Yann Gonzalez’s first feature film was selected for Cannes’ International Critics’ Week in 2013, and his second, Un couteau dans le cœur, was selected at Cannes in 2018. Inspired by Amos Vogel’s Film as a Subversive Art and the universe of Curt Mc Dowell, Yann Gonzales will train his eye on San Francisco, the city of the avant-garde and of emancipation. 

Sophie Letourneur in Houston  

Sophie Letourneur’s work is driven by an attentiveness contemporary femininity and to the extraordinary that can be found within the everyday, its absurdity and its capers, as illustrated in her feature films La vie au Ranch and Enorme. In Houston, immersed in a strange yet familiar environment, she will try to capture the city by confronting the otherness of masculinity and science. 

Valérie Massadian in Atlanta  

The one-time assistant of Nan Goldin, Valérie Massadian has directed two feature-length fiction films, each of which plays on the frontiers between documentary and fiction: Nana (Golden Leopard for Best First Feature, Locarno 2011) and Milla (Special Jury Prize, Locarno 2017). Massadian will explore Atlanta on board a van, where she will collect inhabitants’ stories and dig into the nooks and crannies of the city, which envelop the entire history of the US and its antagonisms. 

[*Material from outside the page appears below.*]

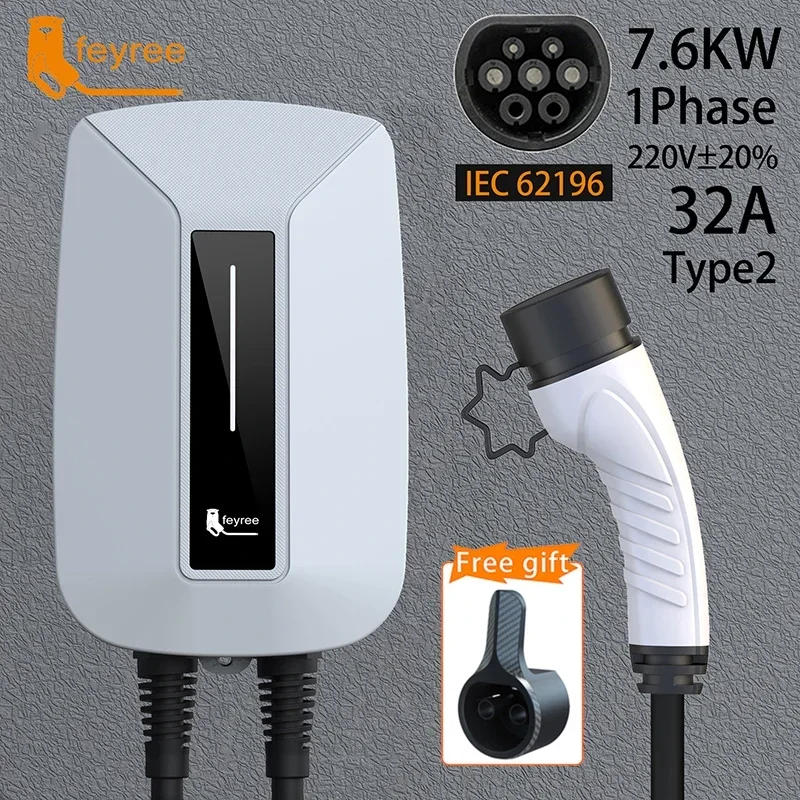 Caricatore EV Feyree con Cavo  - Ev Charger 7Kw Single Phase recensione e prezzo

Bojina Panayotova in Washington D.C.  

Bojina Panayotova is a filmmaker who loves to confront lies, secrets, and power. In Washington, D.C. she will focus on an event that look place the day after Ronald Reagan’s 1980 election, the “Women’s Pentagon Action”. She aims to awaken the memory of this movement – a 2,000-woman protest which engulfed the Pentagon in dance and originated eco-feminism in the United States. 

Virgil Vernier in Los Angeles 

Between documentary and fiction, Virgil Vernier is a filmmaker of urban and supra-urban environments. Hi notably directed Orleans, Sofiantipolis, Les mercuriales. In Calabasas, Los Angeles, Vernier will direct a bedbug invasion in a mansion, a work that will straddle documentary and horror. 

 

Panel: Villa Albertine presents “10 in America” 

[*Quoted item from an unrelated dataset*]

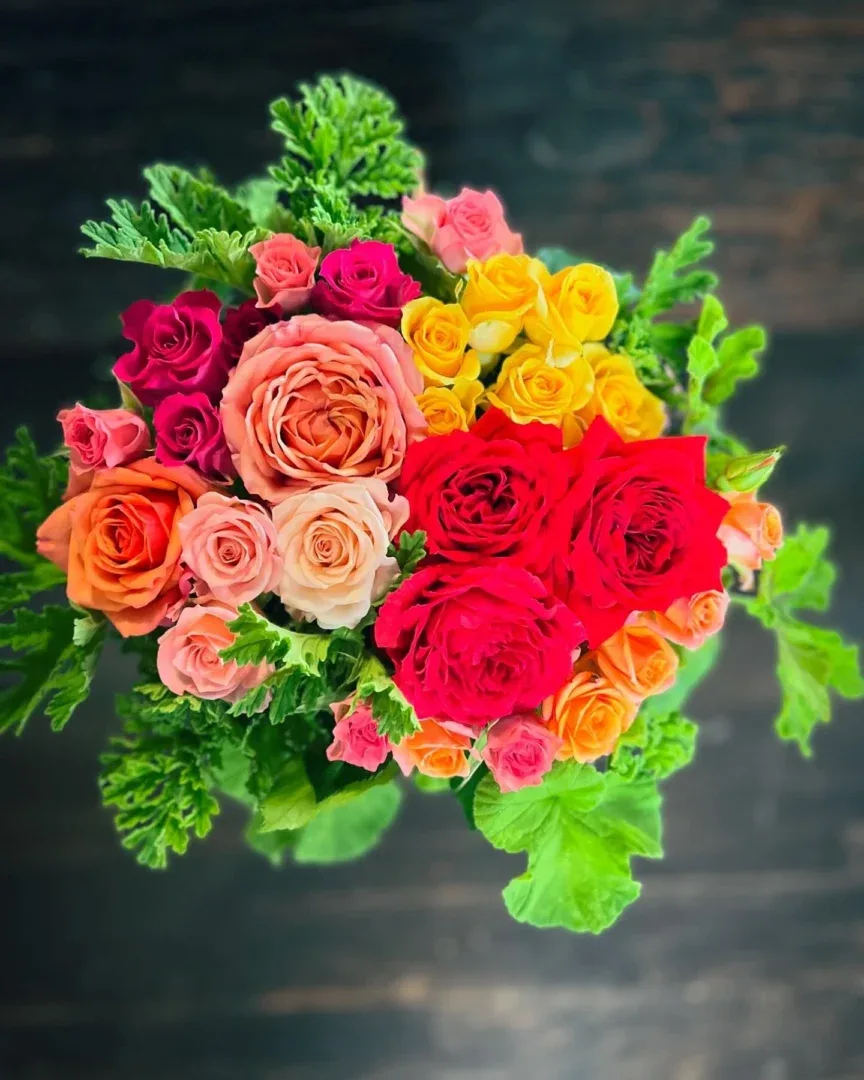 Rožių puokštė Šeštadienis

May 22, 2022, 2pm-3pm (Cannes)  

International Village – World Cinema Pavillion (108) 

In partnership with

Les Films Hatari

Les Films Hatari is an independent French film and television program production company founded in 2002. Its ambition is to support films that seal a committed narrative with strong cinematography, with strong potential for financing and marketing on the French, European and extra-European markets. French. Since its birth, Les films Hatari has produced around fifty films, most of which have been screened at festivals around the world.

UFO International Productions LLC (UFO)

Founded by William Jéhannin in 2015, UFO Production produce mainly documentary films, selected in major international film festivals such as Cannes, Berlin and Rotterdam. William Jéhanin has also been distributing films for the last 20 years and is a member of the Board of Directors of the Academy of César representing the documentary section.